I continue to have great success with FSD beta but I always shut it down when approaching a condition I know FSD-beta fails often. 10% failure is too often in my book.
 
The problem with FSD beta is that 90% is nowhere good enough. True FSD needs to be 100% perfect if it is a pathway toward Robo-Taxi. If there is one serious accident in 100 million miles of FSD, the regulators will seek to outlaw it's use in Level 3 + so Tesla needs to achieve the perfection of a 4 function calculator to be considered ready for wide spread FSD and Robotaxi. This will be near impossible as an FSD Tesla will need to predict the erratic actions of human drivers, especially those humans who intentionally break the law, speeding, DUI, running red lights and stop signs erratic lane changing and road rage.

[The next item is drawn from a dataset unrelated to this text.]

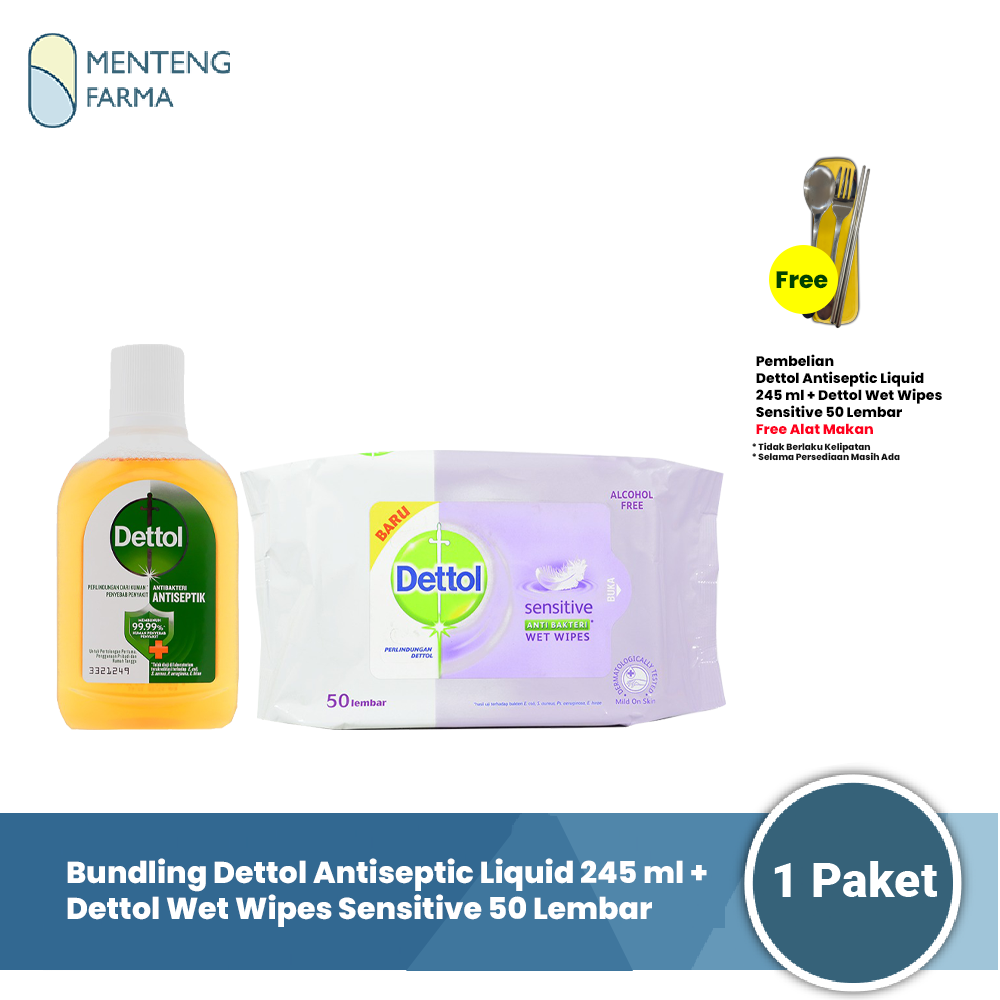 Bundling Dettol Antiseptic Liquid 245ml + Wet Wipes Sensitive 50s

Hopefully, FSD will one day predict illegal driving and using it's AI avoid them with better than good human driver action in advance.

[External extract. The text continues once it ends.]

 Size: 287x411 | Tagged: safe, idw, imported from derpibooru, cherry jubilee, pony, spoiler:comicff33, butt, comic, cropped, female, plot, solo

I continue to have great success with FSD beta but I always shut it down when approaching a condition I know FSD-beta fails often. 10% failure is too often in my book.
Waymo and Cruise vehicles crash all the time and aren’t outlawed. Cruise just had a serious collision a few months ago (though it is being investigated, they haven’t been shut down).
Obviously it does need to be very close to 100% on any given maneuver to exceed human reliability.
 
The problem with FSD beta is that 90% is nowhere good enough. True FSD needs to be 100% perfect if it is a pathway toward Robo-Taxi. If there is one serious accident in 100 million miles of FSD, the regulators will seek to outlaw it's use in Level 3 + so Tesla needs to achieve the perfection of a 4 function calculator to be considered ready for wide spread FSD and Robotaxi.

I don’t think there is a lot of evidence to support this assertion.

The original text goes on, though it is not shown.